The term "listening device" generally applies to two types of electronic appliances: assistive listening devices for the hearing impaired, and those that are intended for overhearing or recording conversations. For the hearing impaired, assistive listening devices improve hearing through the amplification of sound. Such gadgets include hearing aids and magnetic induction loops. Devices used covertly are often referred to as bugs. These consist of microphones and radio transmitters.
The first assistive listening devices were implemented by simply placing an open hand behind one's ear, thus potentially magnifying sound waves by up to 12 decibels. Throughout history various cultures made use of ear trumpets, which consisted of sea shells, animal horns or wooden and metallic objects that were wide on one end but narrowed toward the ear piece. Experimentation with electronic appliances began in the 1890s, but they remained somewhat impractical until the invention of the transistor made portable hearing aids convenient during the 1950s. The following decades saw even more technological advancement.
Before the existence of electronics, covert-listening devices consisted of little more than ear-size tubes or cylinders that were simultaneously placed against a wall and the ear, thus producing some sound amplification due to the vibrations in the wall. The first known electronic-snooping device was invented in 1945 by Léon Theremin. This was the Great Seal bug that is described above. Since that time, covert-listening devices have become much more advanced, often incorporating laser or infrared technology and no longer needing to be on the premises. Police undercover operations often include wiring their operatives with hidden microphones, thus enabling a remote recording of evidence.
Law enforcement agencies have long been able to perform wire taps--listening to land-based telephone conversations. These are usually performed at the telephone companies providing the service.
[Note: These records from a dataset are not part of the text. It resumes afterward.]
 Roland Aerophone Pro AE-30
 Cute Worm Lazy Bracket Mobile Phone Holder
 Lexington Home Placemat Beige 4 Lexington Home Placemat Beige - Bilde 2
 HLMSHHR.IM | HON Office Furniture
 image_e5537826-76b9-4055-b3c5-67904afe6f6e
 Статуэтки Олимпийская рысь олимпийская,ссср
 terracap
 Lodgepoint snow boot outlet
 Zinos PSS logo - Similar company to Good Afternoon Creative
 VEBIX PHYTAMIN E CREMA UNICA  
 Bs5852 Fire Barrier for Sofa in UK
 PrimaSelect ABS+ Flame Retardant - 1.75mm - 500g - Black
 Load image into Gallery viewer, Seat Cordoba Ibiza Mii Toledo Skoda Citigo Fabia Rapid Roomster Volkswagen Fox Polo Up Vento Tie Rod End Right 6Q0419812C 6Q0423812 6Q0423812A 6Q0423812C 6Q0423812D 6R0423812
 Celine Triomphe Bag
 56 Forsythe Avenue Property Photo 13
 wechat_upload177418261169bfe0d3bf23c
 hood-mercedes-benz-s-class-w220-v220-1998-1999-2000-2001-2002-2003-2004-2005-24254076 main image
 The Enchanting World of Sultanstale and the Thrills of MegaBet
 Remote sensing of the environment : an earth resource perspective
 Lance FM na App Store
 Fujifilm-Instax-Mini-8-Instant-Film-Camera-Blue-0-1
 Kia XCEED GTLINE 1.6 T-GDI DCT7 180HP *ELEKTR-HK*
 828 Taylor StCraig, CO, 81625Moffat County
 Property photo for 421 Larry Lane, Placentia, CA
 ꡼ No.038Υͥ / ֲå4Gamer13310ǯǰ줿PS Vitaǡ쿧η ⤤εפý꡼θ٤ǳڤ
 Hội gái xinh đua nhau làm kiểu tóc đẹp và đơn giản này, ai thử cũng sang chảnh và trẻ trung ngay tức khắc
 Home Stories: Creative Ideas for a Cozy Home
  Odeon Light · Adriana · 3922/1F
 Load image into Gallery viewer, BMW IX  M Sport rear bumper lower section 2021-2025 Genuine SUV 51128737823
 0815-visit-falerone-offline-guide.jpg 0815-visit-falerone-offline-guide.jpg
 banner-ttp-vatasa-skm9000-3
Today, with the advancement of cellular technology, government and police agencies use highly sophisticated methods of listening to such communications. This is often accomplished through the use of interceptors and recording devices.
Magnifying the Undetectable
The bionic ear sound amplifier is a somewhat covert device that is available commercially, enjoys a moderate degree of popularity and employs newly acquired technology. Sometimes used by birdwatchers and other nature observers, this device consists of headphones, a microphone and a sound amplifier that looks somewhat like a satellite dish. It is capable of augmenting faint sounds by 40 decibels from up to 100 yards away.
Since the mid-20th century, electronic technology has increased the usefulness and effectiveness of listening devices exponentially for the hearing impaired, law enforcement, covert government operations and nature lovers. Covert eavesdropping on private conversations, however, should only be performed by authorized police or government agents, as such activities are illegal for all others.